> **Problem to solve**
Your answer must be exactly the lines from the one containing "Merrell Best Seller" through the end of the material, both ends included, without pictures.
--- START ---
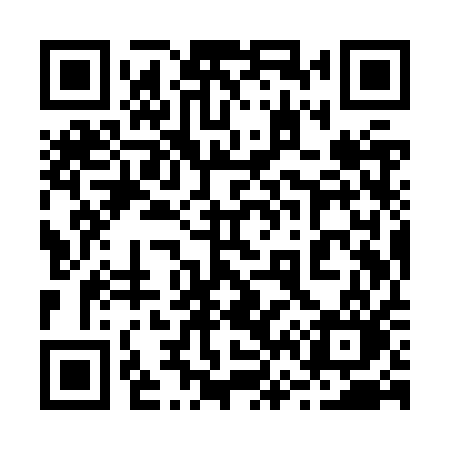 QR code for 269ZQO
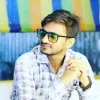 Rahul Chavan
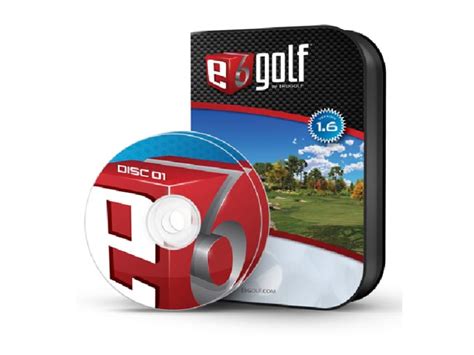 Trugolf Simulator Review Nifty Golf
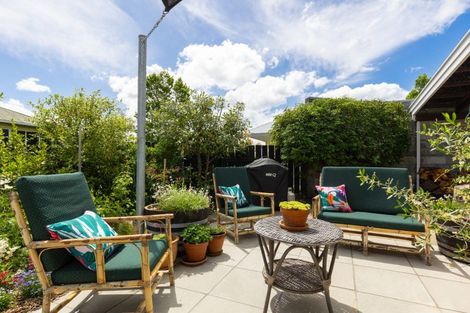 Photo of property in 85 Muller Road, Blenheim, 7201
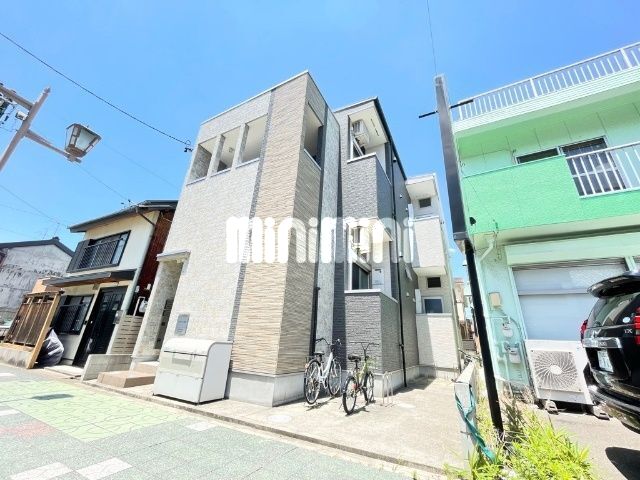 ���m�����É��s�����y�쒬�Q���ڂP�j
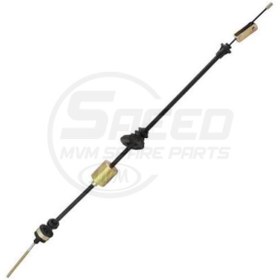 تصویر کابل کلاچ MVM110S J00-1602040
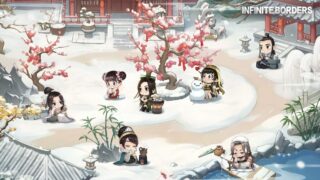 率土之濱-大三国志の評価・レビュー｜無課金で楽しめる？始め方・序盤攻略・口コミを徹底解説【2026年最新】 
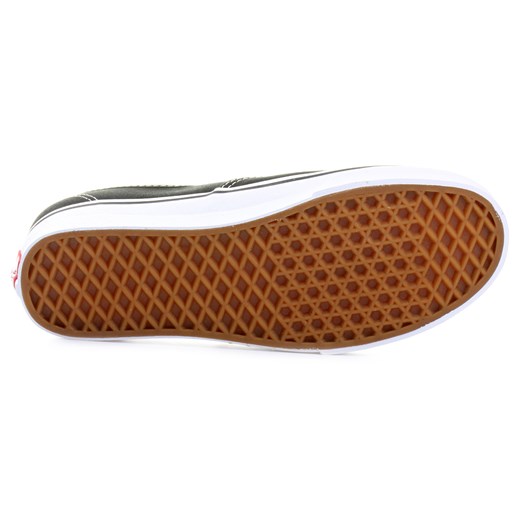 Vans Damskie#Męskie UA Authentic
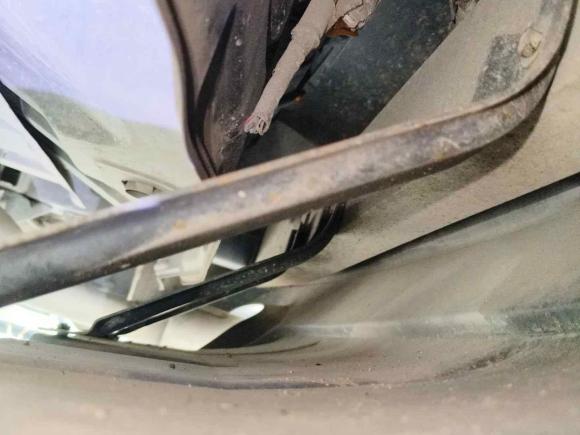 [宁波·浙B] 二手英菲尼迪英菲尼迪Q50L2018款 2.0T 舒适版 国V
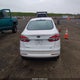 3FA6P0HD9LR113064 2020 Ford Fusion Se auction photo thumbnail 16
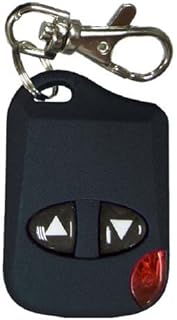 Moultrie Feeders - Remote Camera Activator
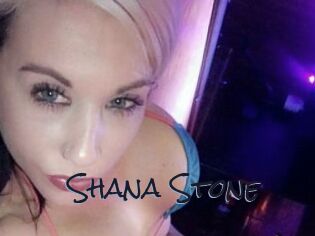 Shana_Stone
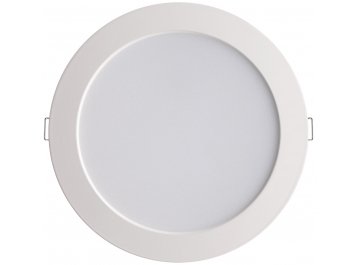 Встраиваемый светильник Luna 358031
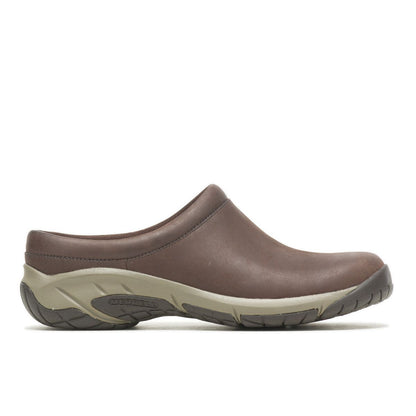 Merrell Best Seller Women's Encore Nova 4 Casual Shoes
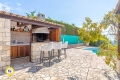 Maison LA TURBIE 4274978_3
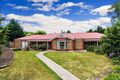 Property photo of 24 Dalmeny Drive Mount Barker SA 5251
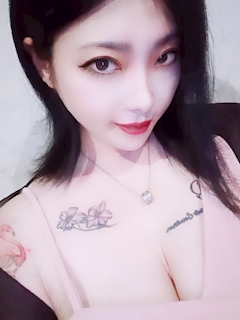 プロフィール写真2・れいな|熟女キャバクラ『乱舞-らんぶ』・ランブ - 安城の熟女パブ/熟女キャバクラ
--- END ---
> **Result of this task**
 Merrell Best Seller Women's Encore Nova 4 Casual Shoes
 Maison LA TURBIE 4274978_3
 Property photo of 24 Dalmeny Drive Mount Barker SA 5251
 プロフィール写真2・れいな|熟女キャバクラ『乱舞-らんぶ』・ランブ - 安城の熟女パブ/熟女キャバクラ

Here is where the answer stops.